1. The National Labor Relations Board (NLRB) provided guidance on the propriety of mail or manual ballot elections. Aspirus Keweenaw, 370 NLRB No. 45 (Nov. 9, 2020). In this case, the NLRB set forth the considerations regional directors should weigh in determining whether an election should be conducted by mail ballot, as opposed to an in-person manual ballot, because of the COVID-19-related conditions. The NLRB’s longstanding policy strongly favors manual elections; however, since the onset of the COVID-19 pandemic, it has permitted mail-ballot elections under an “extraordinary circumstances” exception to the manual ballot preference. The decision outlines six situations related to the COVID-19 pandemic that, when at least one is present, normally will suggest the propriety of conducting an election by mail, rather than manual, ballot. Those circumstances are:

  • The Agency office tasked with conducting the election is operating under “mandatory telework” status.

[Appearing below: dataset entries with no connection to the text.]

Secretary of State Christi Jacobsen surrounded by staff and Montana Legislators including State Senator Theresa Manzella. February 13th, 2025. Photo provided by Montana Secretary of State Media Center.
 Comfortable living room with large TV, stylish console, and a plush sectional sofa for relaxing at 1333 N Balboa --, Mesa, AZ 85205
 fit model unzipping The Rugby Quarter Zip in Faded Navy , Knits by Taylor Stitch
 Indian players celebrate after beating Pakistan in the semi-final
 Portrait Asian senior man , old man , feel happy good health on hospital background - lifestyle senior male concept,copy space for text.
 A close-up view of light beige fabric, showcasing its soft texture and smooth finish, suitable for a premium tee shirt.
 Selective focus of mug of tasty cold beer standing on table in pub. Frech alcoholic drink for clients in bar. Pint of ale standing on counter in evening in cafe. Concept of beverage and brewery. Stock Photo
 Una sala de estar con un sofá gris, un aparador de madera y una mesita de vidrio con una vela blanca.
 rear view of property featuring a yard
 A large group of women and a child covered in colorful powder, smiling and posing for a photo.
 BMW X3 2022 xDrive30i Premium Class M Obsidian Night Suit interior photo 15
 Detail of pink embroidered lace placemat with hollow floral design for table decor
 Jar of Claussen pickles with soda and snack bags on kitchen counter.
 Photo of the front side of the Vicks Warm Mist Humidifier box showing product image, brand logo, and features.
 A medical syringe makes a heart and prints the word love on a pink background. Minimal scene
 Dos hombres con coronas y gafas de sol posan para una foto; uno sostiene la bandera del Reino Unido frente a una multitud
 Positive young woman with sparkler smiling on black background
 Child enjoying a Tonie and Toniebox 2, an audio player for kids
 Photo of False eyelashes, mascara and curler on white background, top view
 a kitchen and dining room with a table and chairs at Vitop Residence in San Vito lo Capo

  • Either the 14-day trend in the number of new confirmed cases of COVID-19 in the county where the facility is located is increasing, or the 14-day testing positivity rate in the county where the facility is located is at least five percent.

  • The proposed manual election site cannot be established in a way that avoids violating mandatory state or local health orders relating to maximum gathering size.

  • The employer fails or refuses to commit to abide by Memorandum GC 20-10, Suggested Manual Election Protocols (July 6, 2020).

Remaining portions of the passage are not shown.